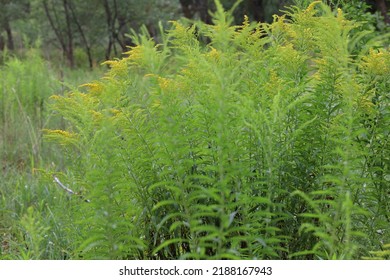 Canada Goldenrod In The Summer Meadow 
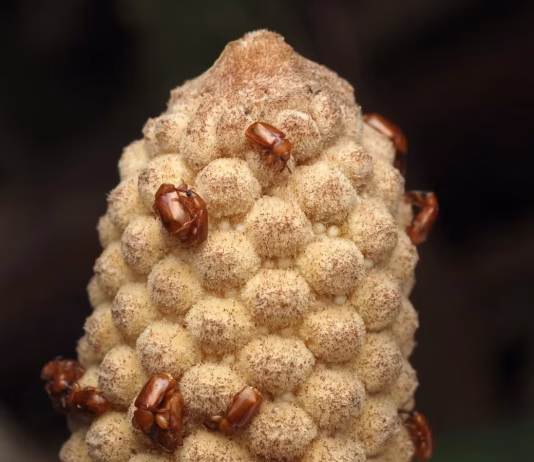 The original microwave: How these 300-million-year-old plants use heat to reproduce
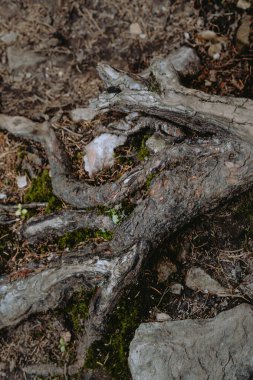 The detailed network of a tree root system emerges from the earth, surrounded by moss and scattered stones in a natural woodland setting. clipart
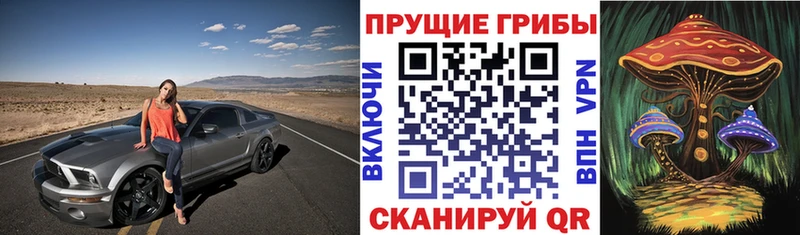 Псилоцибиновые грибы прущие грибы  Нолинск 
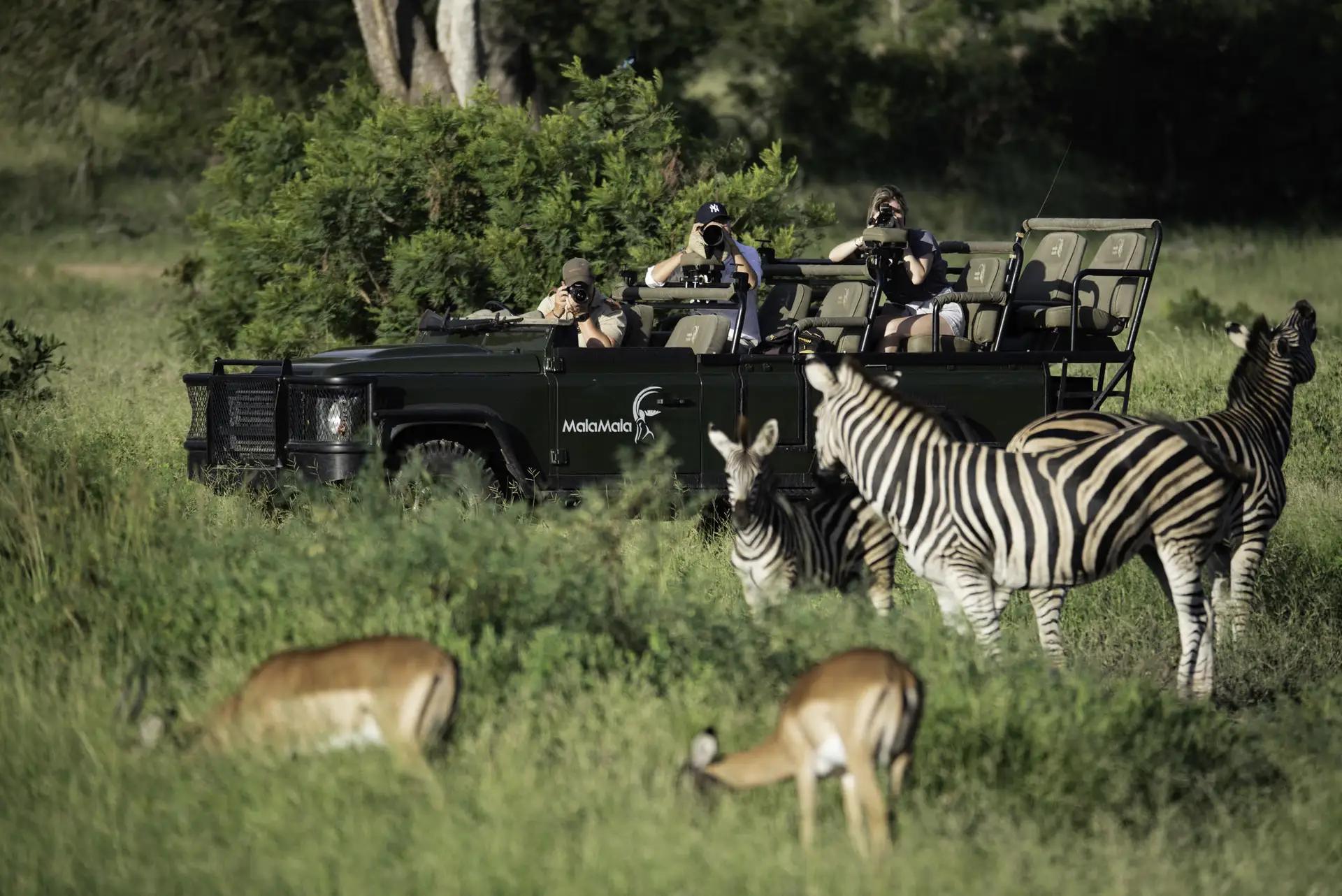 3-Day Mala Mala - Best Big 5 Safari in the World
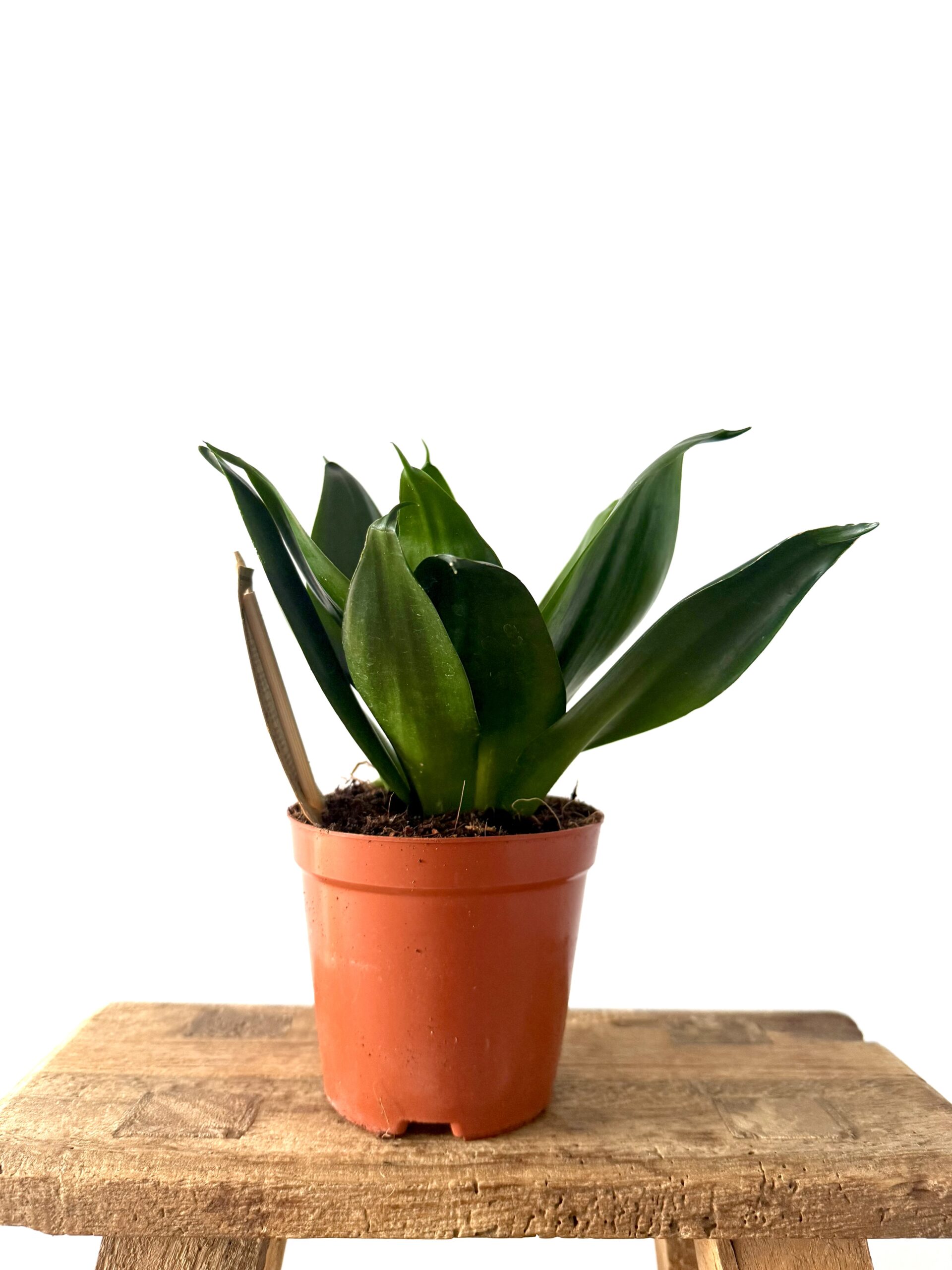 Sansevieria Hahnii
|---|
▸ **Task prompt**: Leave out every picture and copy, exactly as written, the lines from the one with "The original microwave: How" through the end of the records above.

▸ **Solution for this problem**:
 The original microwave: How these 300-million-year-old plants use heat to reproduce
 The detailed network of a tree root system emerges from the earth, surrounded by moss and scattered stones in a natural woodland setting. clipart
 Псилоцибиновые грибы прущие грибы  Нолинск 
 3-Day Mala Mala - Best Big 5 Safari in the World
 Sansevieria Hahnii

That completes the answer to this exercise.